** Opening INPUT block **
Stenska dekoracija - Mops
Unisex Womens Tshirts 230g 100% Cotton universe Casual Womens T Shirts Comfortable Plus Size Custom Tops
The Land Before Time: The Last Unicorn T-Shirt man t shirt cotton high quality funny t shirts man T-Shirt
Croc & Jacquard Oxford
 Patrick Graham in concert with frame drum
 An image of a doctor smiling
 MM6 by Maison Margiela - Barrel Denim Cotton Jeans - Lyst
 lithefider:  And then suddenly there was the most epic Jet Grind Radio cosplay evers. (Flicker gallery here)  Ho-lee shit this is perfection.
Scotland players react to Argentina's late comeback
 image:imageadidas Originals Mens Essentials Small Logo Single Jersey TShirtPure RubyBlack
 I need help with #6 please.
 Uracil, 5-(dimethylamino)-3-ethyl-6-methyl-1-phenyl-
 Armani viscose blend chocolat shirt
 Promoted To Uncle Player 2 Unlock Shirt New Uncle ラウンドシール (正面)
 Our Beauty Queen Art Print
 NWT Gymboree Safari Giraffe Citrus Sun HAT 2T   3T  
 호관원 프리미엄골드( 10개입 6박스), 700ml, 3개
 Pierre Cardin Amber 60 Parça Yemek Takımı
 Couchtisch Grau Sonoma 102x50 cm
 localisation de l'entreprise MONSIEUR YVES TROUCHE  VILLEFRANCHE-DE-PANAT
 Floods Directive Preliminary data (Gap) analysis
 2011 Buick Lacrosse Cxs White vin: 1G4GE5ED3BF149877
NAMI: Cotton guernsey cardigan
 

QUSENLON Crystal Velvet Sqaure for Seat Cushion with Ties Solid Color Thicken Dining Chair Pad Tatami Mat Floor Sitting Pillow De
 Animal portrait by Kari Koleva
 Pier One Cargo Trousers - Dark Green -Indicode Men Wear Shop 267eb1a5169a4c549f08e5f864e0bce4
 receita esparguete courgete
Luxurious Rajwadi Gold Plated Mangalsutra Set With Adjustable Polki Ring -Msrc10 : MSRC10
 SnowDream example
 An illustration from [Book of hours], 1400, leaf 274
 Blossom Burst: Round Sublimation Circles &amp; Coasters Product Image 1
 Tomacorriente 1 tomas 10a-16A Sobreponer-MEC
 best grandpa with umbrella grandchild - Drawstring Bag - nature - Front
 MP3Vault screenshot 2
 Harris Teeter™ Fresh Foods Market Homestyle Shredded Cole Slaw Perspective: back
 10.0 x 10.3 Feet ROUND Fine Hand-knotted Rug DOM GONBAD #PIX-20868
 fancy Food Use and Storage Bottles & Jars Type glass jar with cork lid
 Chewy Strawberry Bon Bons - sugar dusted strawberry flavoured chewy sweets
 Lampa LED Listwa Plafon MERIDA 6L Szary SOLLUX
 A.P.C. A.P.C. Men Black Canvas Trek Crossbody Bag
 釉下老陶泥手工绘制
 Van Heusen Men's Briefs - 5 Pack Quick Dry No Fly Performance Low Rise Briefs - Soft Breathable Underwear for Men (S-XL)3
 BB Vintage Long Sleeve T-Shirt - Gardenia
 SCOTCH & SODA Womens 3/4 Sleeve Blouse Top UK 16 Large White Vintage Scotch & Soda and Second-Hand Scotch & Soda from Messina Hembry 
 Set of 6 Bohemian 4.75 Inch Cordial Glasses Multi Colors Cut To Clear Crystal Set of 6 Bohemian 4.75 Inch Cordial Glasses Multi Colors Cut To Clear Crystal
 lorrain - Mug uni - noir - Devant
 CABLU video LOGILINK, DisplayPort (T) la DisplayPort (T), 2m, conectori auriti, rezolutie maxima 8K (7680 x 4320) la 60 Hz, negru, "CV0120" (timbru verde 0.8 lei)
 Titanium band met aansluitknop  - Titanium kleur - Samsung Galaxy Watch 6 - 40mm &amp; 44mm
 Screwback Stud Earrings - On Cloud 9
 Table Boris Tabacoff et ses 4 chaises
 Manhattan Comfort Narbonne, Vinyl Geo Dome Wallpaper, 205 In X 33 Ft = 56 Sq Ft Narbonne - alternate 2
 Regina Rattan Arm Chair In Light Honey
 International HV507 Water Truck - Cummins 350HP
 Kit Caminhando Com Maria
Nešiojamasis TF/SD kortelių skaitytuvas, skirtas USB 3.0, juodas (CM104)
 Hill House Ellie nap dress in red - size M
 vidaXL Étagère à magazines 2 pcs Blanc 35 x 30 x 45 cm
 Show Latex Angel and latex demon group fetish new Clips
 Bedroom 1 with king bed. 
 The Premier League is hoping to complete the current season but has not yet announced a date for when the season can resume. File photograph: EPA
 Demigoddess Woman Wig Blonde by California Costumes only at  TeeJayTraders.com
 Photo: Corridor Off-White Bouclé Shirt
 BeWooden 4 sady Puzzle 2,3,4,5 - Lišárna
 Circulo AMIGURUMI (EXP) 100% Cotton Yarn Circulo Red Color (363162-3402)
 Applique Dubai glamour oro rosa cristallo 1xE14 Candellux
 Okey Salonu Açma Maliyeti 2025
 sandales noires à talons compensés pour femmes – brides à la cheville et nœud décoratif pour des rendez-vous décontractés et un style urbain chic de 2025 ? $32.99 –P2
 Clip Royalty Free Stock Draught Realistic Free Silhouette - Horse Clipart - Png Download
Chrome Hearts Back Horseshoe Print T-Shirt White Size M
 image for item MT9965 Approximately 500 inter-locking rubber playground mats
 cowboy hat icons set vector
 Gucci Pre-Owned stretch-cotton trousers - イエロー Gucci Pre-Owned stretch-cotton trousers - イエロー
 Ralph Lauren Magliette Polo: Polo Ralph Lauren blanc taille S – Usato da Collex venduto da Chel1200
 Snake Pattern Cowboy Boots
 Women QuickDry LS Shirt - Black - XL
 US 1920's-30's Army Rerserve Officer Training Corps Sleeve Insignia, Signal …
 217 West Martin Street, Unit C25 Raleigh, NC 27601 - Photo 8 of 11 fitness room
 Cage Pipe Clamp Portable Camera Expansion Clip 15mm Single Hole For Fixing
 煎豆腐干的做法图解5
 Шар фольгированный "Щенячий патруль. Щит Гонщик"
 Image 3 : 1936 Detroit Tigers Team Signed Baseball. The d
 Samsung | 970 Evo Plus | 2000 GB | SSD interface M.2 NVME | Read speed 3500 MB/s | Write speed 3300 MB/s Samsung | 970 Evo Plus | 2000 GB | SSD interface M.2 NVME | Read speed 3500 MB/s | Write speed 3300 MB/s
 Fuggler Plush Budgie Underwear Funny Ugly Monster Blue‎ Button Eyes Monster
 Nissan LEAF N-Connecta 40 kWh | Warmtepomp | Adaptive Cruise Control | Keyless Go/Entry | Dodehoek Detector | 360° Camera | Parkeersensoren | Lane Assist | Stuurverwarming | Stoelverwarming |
** Closing INPUT block **
• _WORK INSTRUCTIONS_: Among the entries above, the line containing "Circulo AMIGURUMI (EXP)", the line containing "Chrome Hearts Back", and all lines between them are to be restated word for word; nothing else belongs in the reply.

• _YOUR RESPONSE_:
 Circulo AMIGURUMI (EXP) 100% Cotton Yarn Circulo Red Color (363162-3402)
 Applique Dubai glamour oro rosa cristallo 1xE14 Candellux
 Okey Salonu Açma Maliyeti 2025
 sandales noires à talons compensés pour femmes – brides à la cheville et nœud décoratif pour des rendez-vous décontractés et un style urbain chic de 2025 ? $32.99 –P2
 Clip Royalty Free Stock Draught Realistic Free Silhouette - Horse Clipart - Png Download
Chrome Hearts Back Horseshoe Print T-Shirt White Size M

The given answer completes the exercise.